The search was limited to articles in English or Chinese, published from 01/01/2020 till 30/06/2020. Case reports, diagnostic accuracy studies without a clear statement of the baseline‐positive SARS‐CoV‐2 characteristics and studies focused on pregnant women or paediatric patients were excluded. To speed up data extraction and synthesis, only studies with a sample size of at least 90 patients were included.

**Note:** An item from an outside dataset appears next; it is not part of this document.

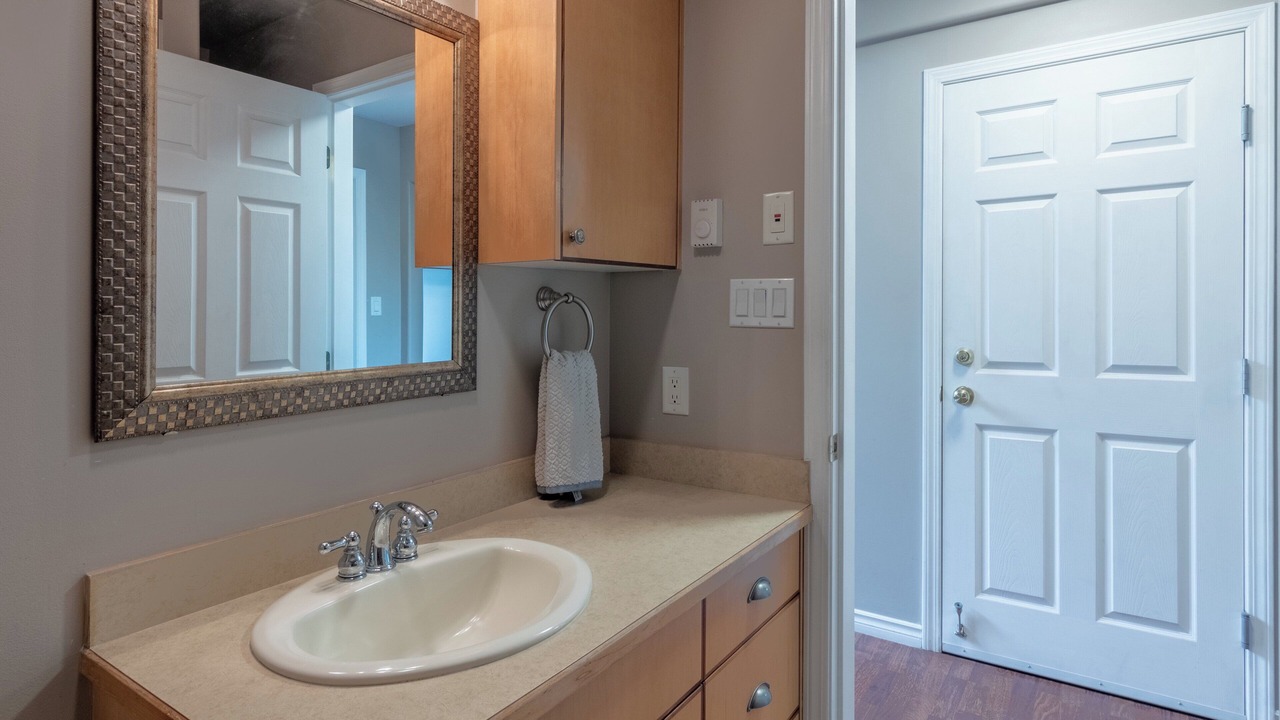 Photo of Bathroom in Okanagan-Similkameen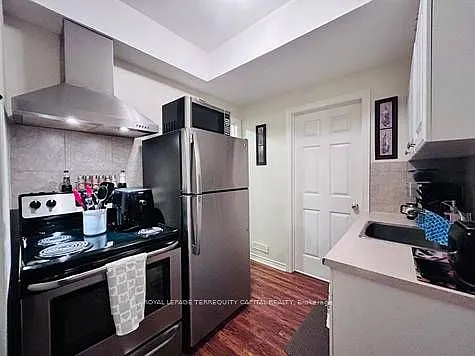 39 Monique Cres #LOWER — Photo 3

The outcomes of interest were the reported clinical and diagnostic features and the laboratory findings. We chose to include all the case series, cross‐sectional, case–control and cohort studies that stated all or at least two of the outcomes of interest (e.g. clinical and diagnostic features or clinical and laboratory findings). For the clinical features, all the reported signs and symptoms were collected. In the same way, all the image characteristics and the lesions region of the diagnostic imaging as well as the stated blood routine, coagulation function, infection‐related biomarkers and blood biochemistry were collected.

3.2. Search strategies

The Europe PMC, LitCovid Database, Medline, The Cochrane Library, Science Direct, Embase and The Cumulative Index to Nursing and Allied Health Literature (CINAHL) were screened independently by two experienced reviewers with the support of Zotero Reference Manager (V.5.0). In case of disagreement between the reviewers on eligibility, a senior author was consulted. Two different search strings were used (File S2), both combining different synonyms and mesh terms for SARS‐CoV‐2 and diagnosis or testing.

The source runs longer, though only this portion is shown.